|
Poster:
|
luuk84 |
Date:
|
November 03, 2009 06:14:08am |
|
Forum:
|
texts
|
Subject:
|
Re: Google rejects? |
I am really ONLY talking about Google scans uploaded here. I am one of those amateurs who scans vast numbers of books and I hugely appreciate the work done by others. My complaint is exclusively a Google one and concerns stuff uploaded by user tpb. The most recent scan I had a look at was Lovelich's Merlin (
http://www.archive.org/details/merlinamiddleen00lovegoog) which has one very odd looking page somewhere in the middle. One that I rejected recently were the multiple volumes of Hector Boece's Chronicle. These are all genuine Google scans (books from the university libraries they are known to be scanning) and since they are quite often faulty, I wondered they might be rejects.
|
Poster:
|
stbalbach |
Date:
|
November 03, 2009 07:12:09am |
|
Forum:
|
texts
|
Subject:
|
Re: Google rejects? |
Google is/was notorious for poor quality scans, in particular in the first few years. There are even entire blogs set up just to show examples of things like peoples fingers in pages etc.. Internet Archive scans have always been much better quality. Google has improved some recently and even begun rescanning some of its previous ones. The Google scans on IA are just copies that users have copied over, they are not rejects.
|
Poster:
|
Time Traveller |
Date:
|
November 03, 2009 08:23:22pm |
|
Forum:
|
texts
|
Subject:
|
Re: Google rejects? |
so I was correct about us moving stuff over from Google.

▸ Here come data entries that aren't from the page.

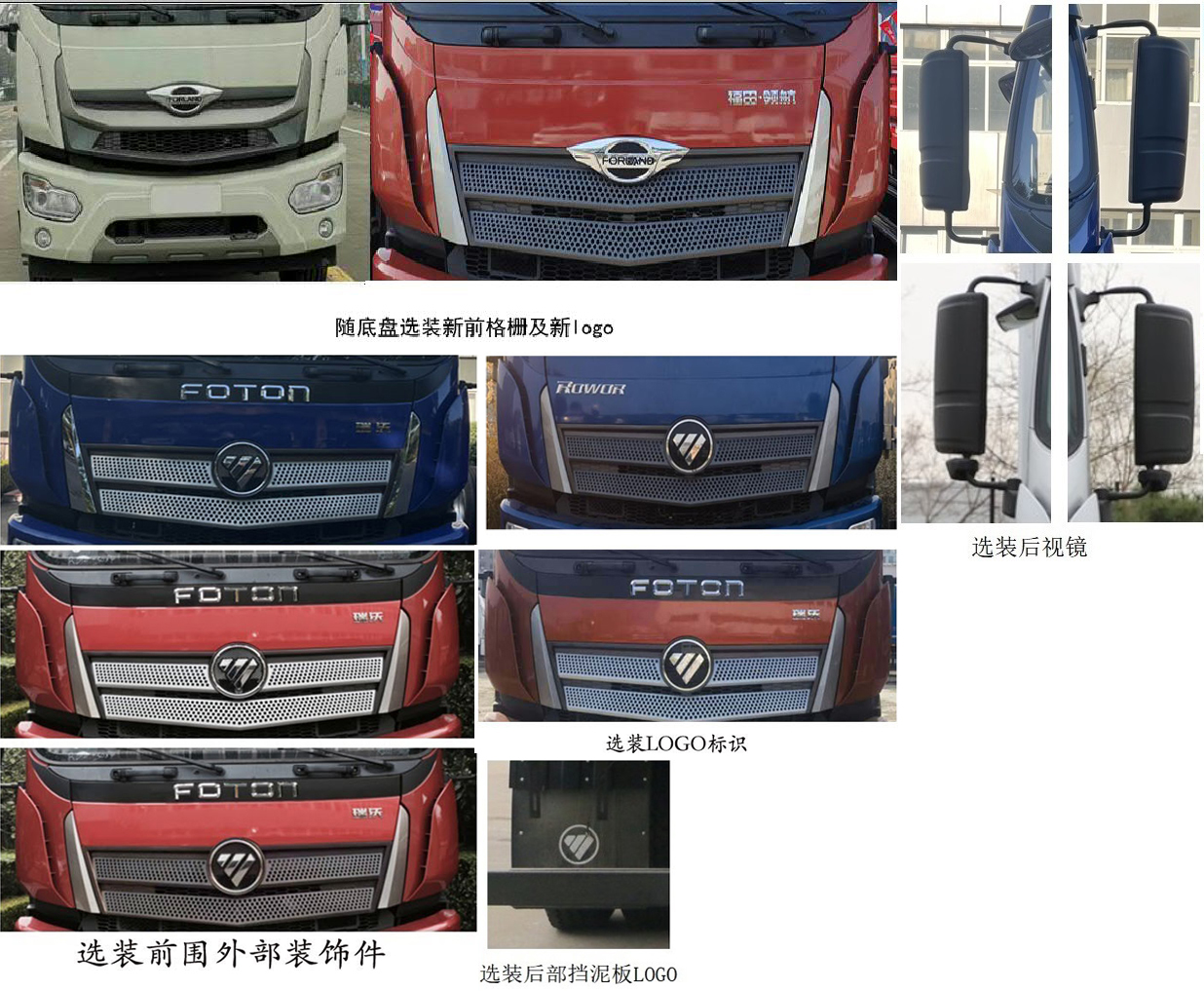 ޿BJ5182GSSE6-P1ˮ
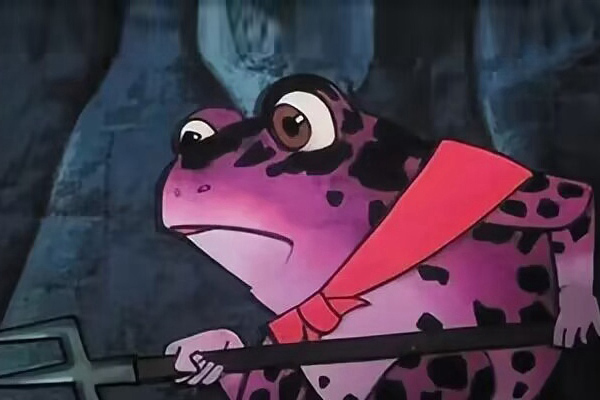 purple toad demon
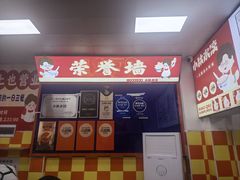 -小秋水饺(大成路总店)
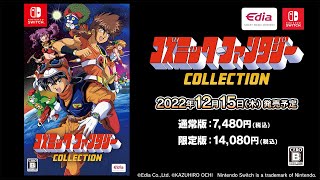 Cosmic Fantasy Memorial Collection [Limited Edition] video 1
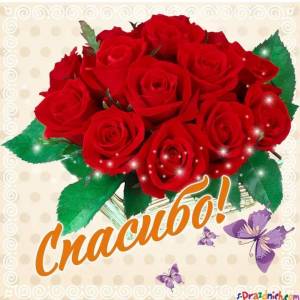 Раскраска слово спасибо #23 #497694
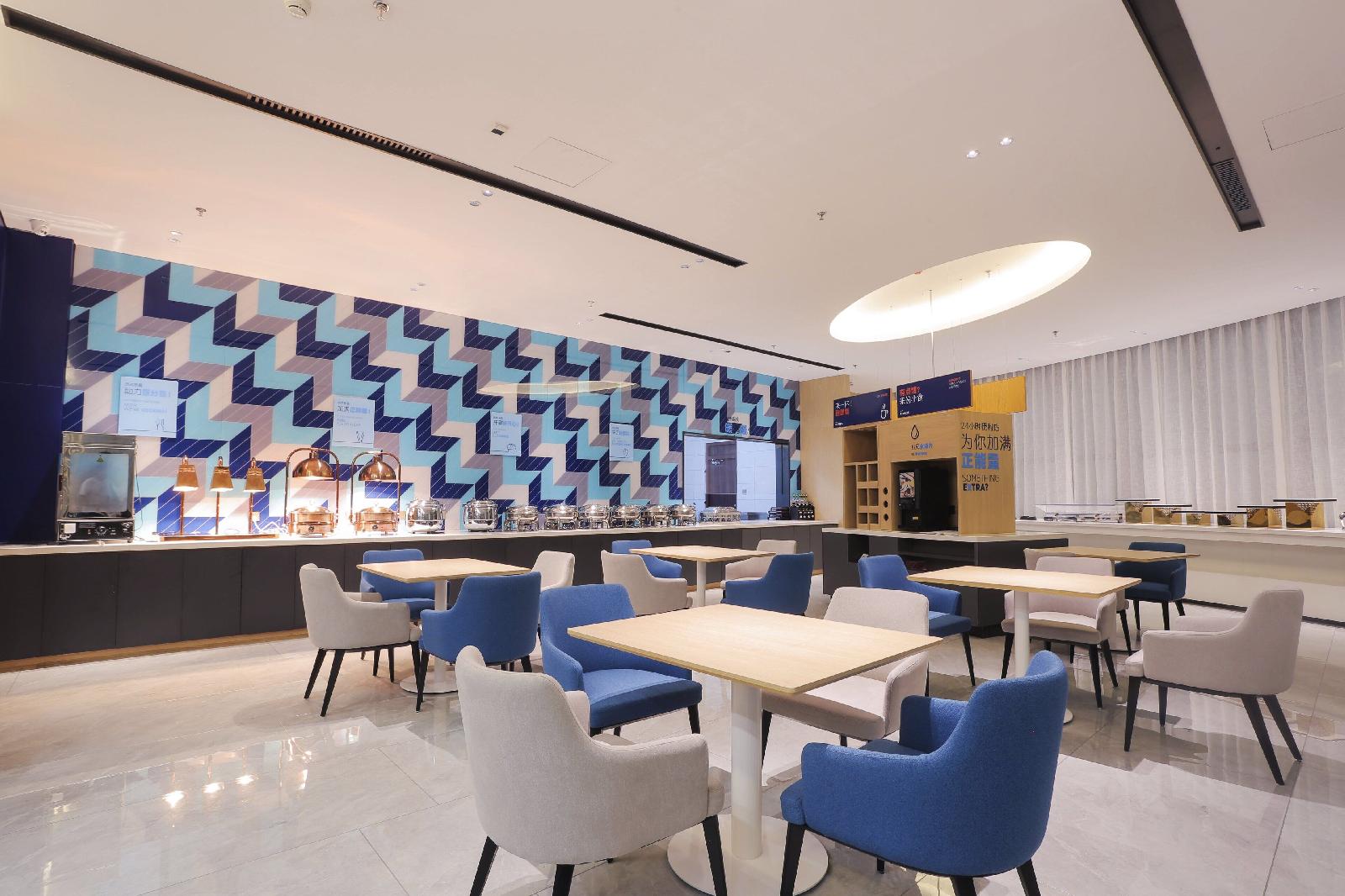 Holiday Inn Express Harbin Exhibition Center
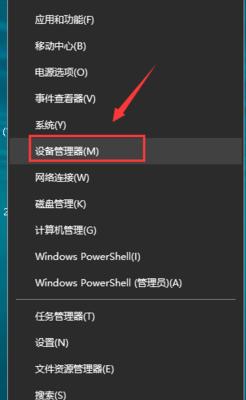 掌握Windows移动中心快捷键的必备技巧（提率）  第3张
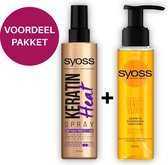 Bol.com Syoss Keratine Heat Protection Spray en Syoss Beauty Elixir Absolute Oil - Voordeelpakket aanbieding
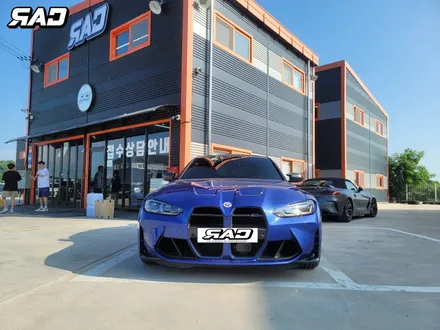 인천 김포 BMW G80 M3 카본그릴 카본인렛 교체튜닝 완벽후기! / 김포 양촌읍
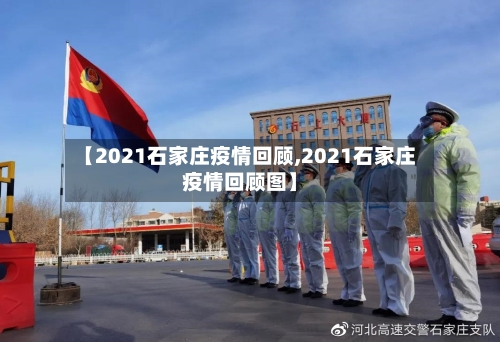 【2021石家庄疫情回顾,2021石家庄疫情回顾图】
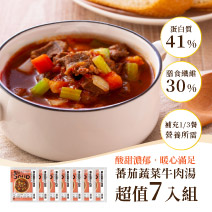 熱銷蕃茄蔬菜牛肉湯7入組圖片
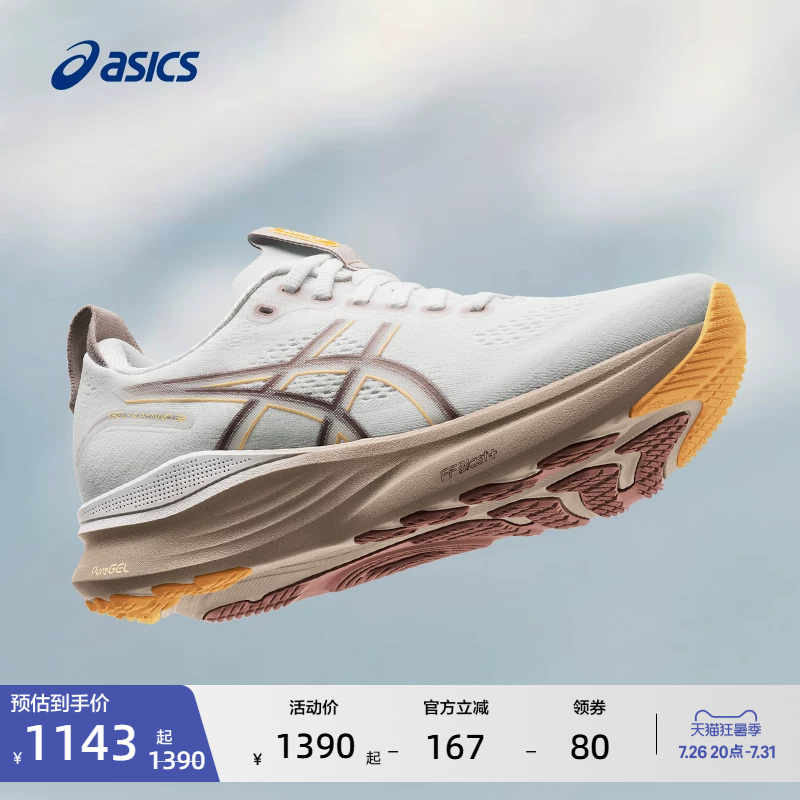 Asics Gel-Kayano 32 Women's Stable Support Running Shoes, Breathable, Comfortable, Professional Sports Shoes Asics Gel-Kayano 32 Women's Stable Support Running Shoes, Breathable, Comfortable, Professional Sports Shoes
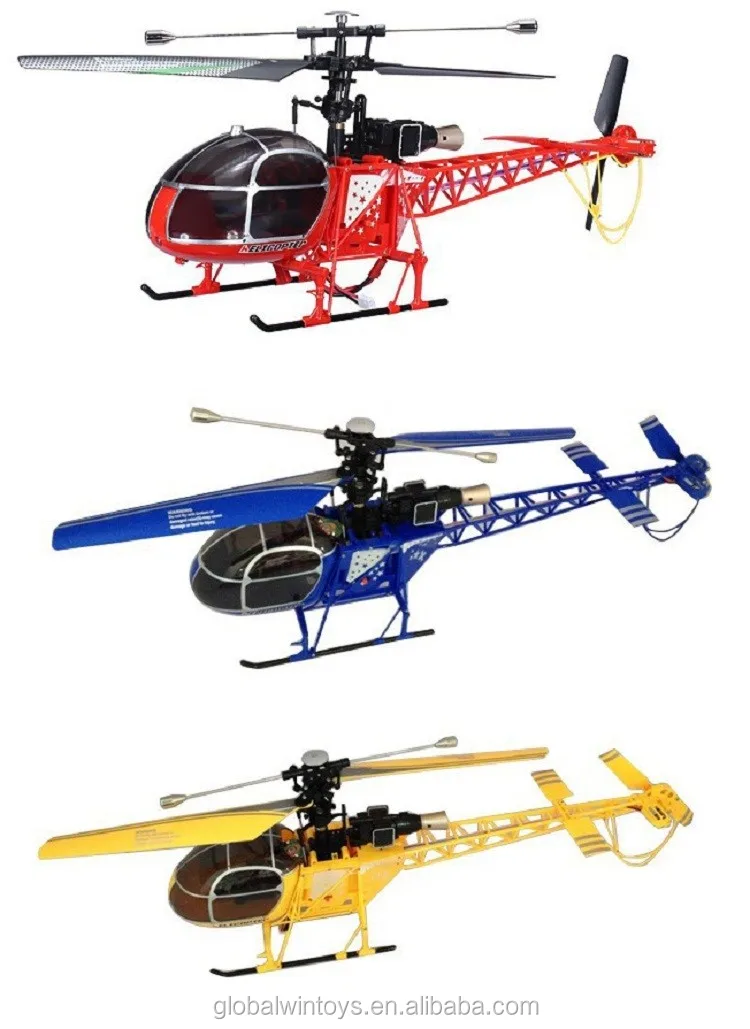2016 RC Remote Blade Helicopter Toy made in china, View rc helicopter ...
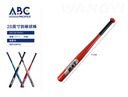 Bate metálico de baseball, 71cm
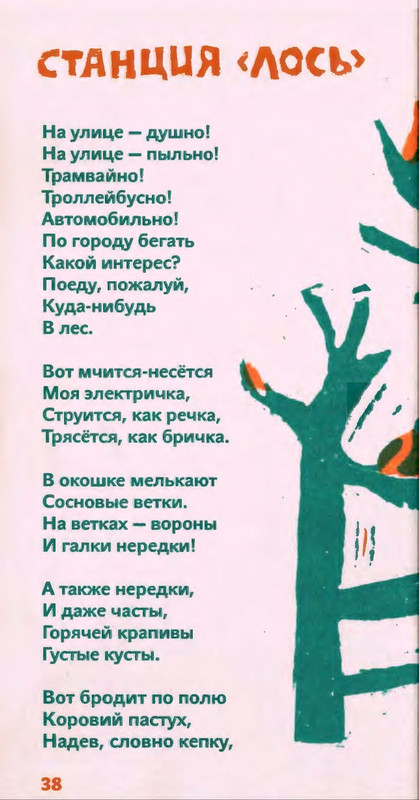 Коваль Ю. - Сколько хочешь крокодилов - 2016_page-0039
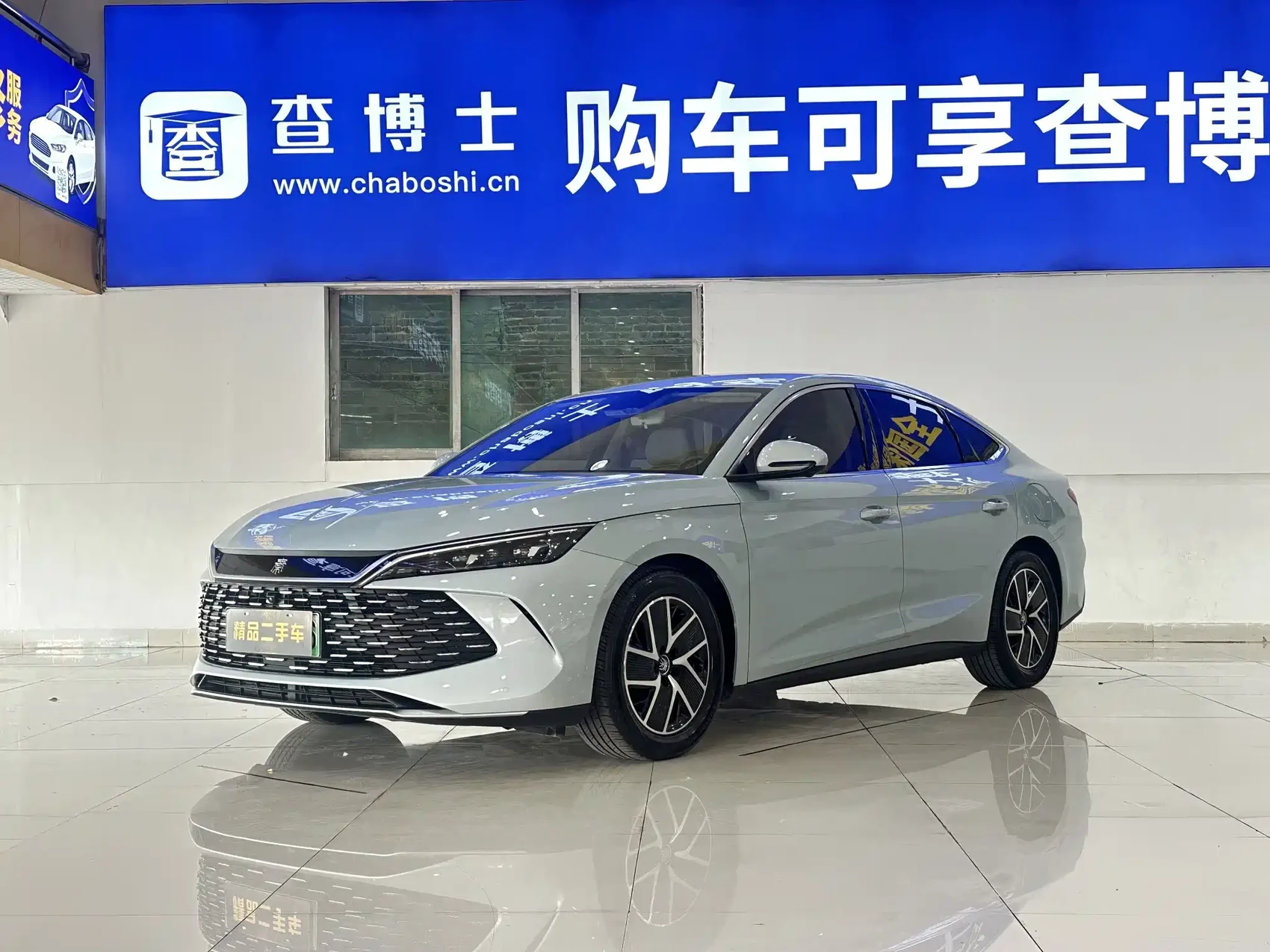 BYD Qin L 2024 DM-i 80KM Superior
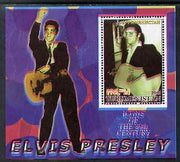 Turkmenistan 2001 Icons of the 20th Century - Elvis Presley perf s/sheet #2 with superb misplacement of magenta giving a spectacular double impression, unmounted mint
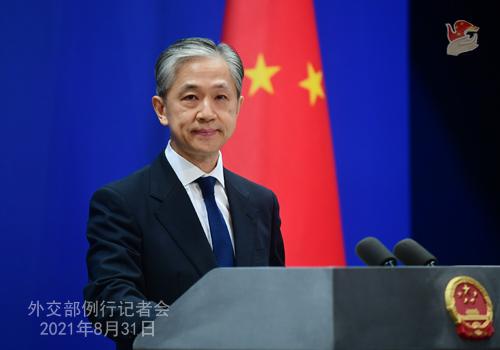 中方强烈不满，美方悬赏千万通缉中国男子引中方强烈反应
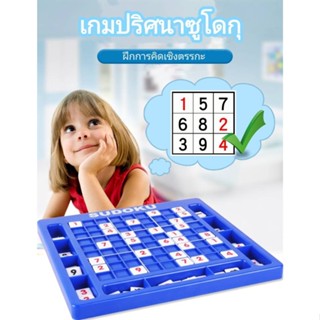 MyBaby Mall พร้อมส่งSUDOKU ซูโดกุของเล่น เกมกระดานของเล่น ของเล่นเสริมทักษะการเรียนรู้ด้านคณิตศาสตร์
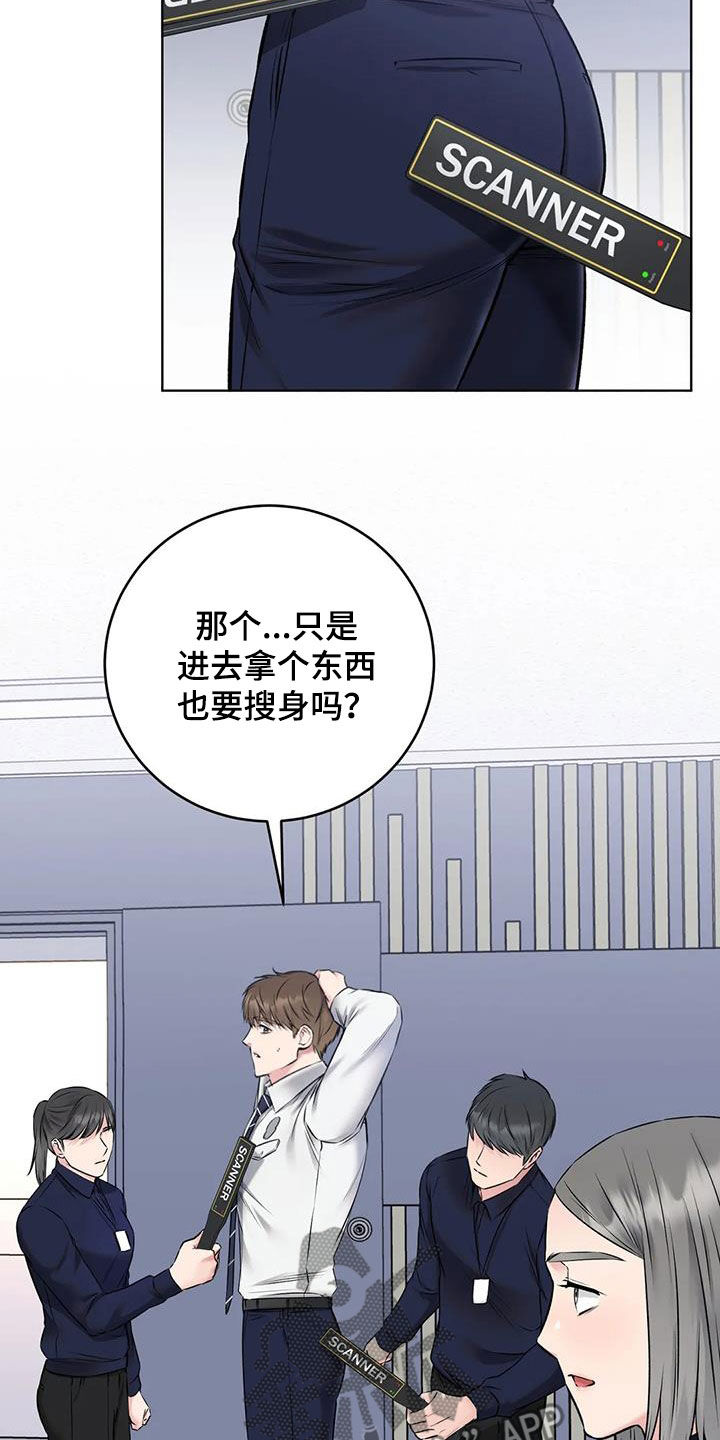 第16章：意外26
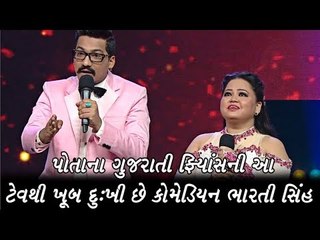 Bharti singh પોતાના ગુજરાતી પતિની આ ટેવથી ખૂબ દુ:ખી છે(Bharti singh Husband Harsh lImabachiya)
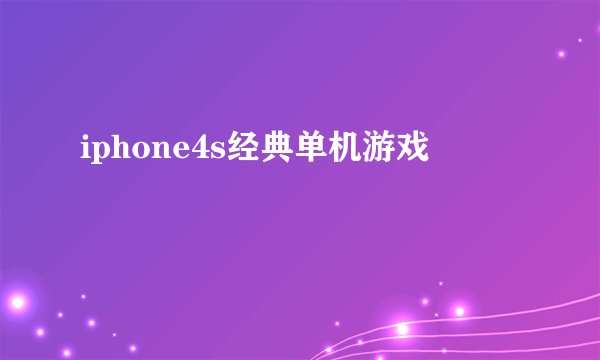 iphone4s经典单机游戏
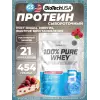100% Pure Whey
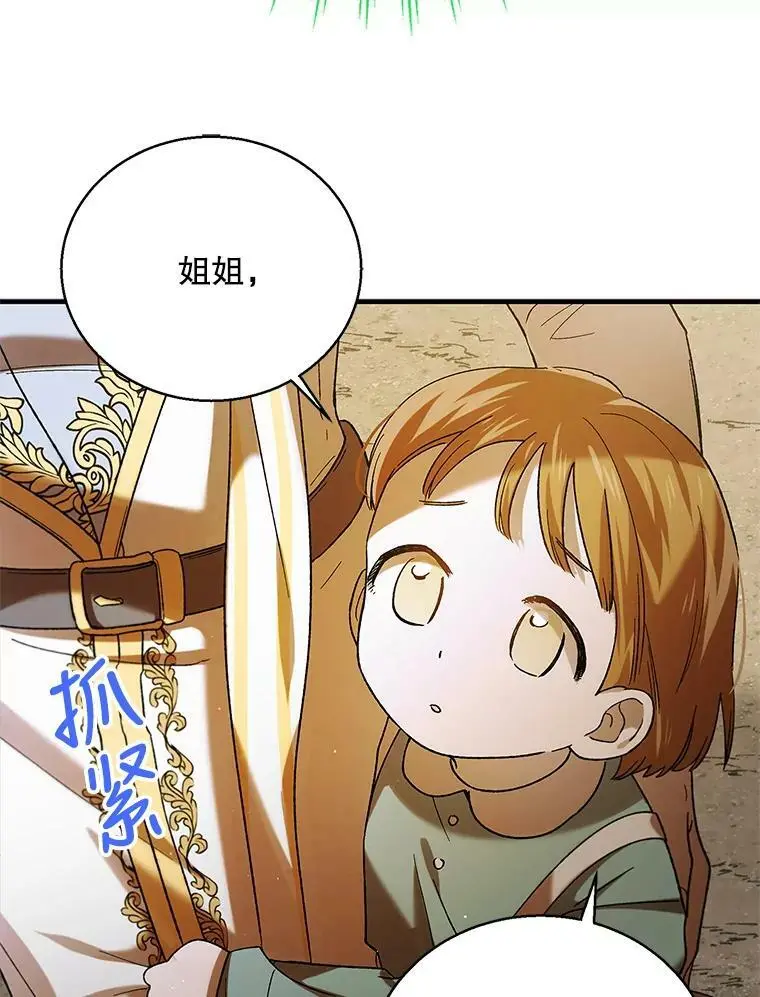 72.夜空下的约定49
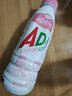 娃哈哈AD钙奶大瓶含乳饮料450ml乳酸菌酸奶营养早餐奶食品饮品批 AD钙奶草莓口味450ml*15瓶/箱 实拍图
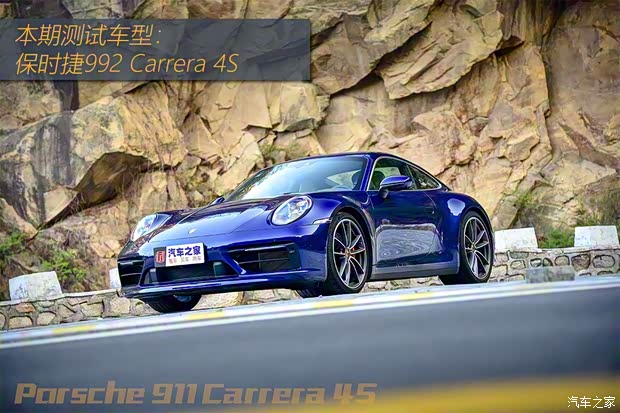 保时捷 保时捷911 2019款 Carrera 4S 3.0T 保时捷 保时捷911 2019款 Carrera 4S 3.0T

and could the bad scans by Google, have been before it began pushing Google Books as a major
WWW service? (money maker)
|
Poster:
|
garthus |
Date:
|
November 03, 2009 08:56:28pm |
|
Forum:
|
texts
|
Subject:
|
Re: Google rejects? |
Peter,
See:
http://www.archive.org/details/Order_To_Show_Cause_With_TRO_New_York_State__763For one of the many cases which I have been invloved in; this one is returnable November 12 of this year. I will be posting the others when I get the time. (Seems like engineers also make good lawyers) Did this without the help or input of any Lawyers. Wonderful how as the system gets more complicated, those with the knowledge can use it against itself.
Gerry
|
Poster:
|
garthus |
Date:
|
November 03, 2009 08:39:40pm |
|
Forum:
|
texts
|
Subject:
|
Re: Google rejects? |
Luke,
I probably have looked at thousands of Google scans and a similar number of archive scans. Also put up nearly 900 myself. Statistically Google and Microsoft scans have a very low defect rate considering what materials the scanners were working with and their quality has gotten better over time. My objection concerns their bastardization of the images with watermarks, but that is another story. In any case a bad scan is better than no scan and this can all be worked out over time. If someone wants perfection they have to do what many of us have done, that is to scan the items ourselves. The point here is it is getting better, and with more caring volunteers it will continue to get better.
Gerry
|
Poster:
|
luuk84 |
Date:
|
November 04, 2009 08:25:43am |
|
Forum:
|
texts
|
Subject:
|
Re: Google rejects? |
Thanks for the replies. It is reassuring to find so many dedicated people and to have the Google business cleared up a little. I am still astonished that they originally did such a shoddy job (I find the Microsoft scans to be much better). I work with scanned texts almost exclusively nowadays and a prerequisite is that these texts are scanned well (which is why I do most of my own scanning) because only then can they be OCRed successfully. For me this last stage is the crucial one, because I use a search engine that also indexes all this material and allows for sophisticated (proximity) searches on the basis of which I do my work. It is a great relief to find a huge work scanned by Google but an even greater frustration to then discover the end result is useless for OCRing, so that I have to do it myself anyway. As I said before, this happens again and again. In my case a shoddy job is worse than nothing at all, because I loose a lot of time checking it out only to find it is not as good as it should be.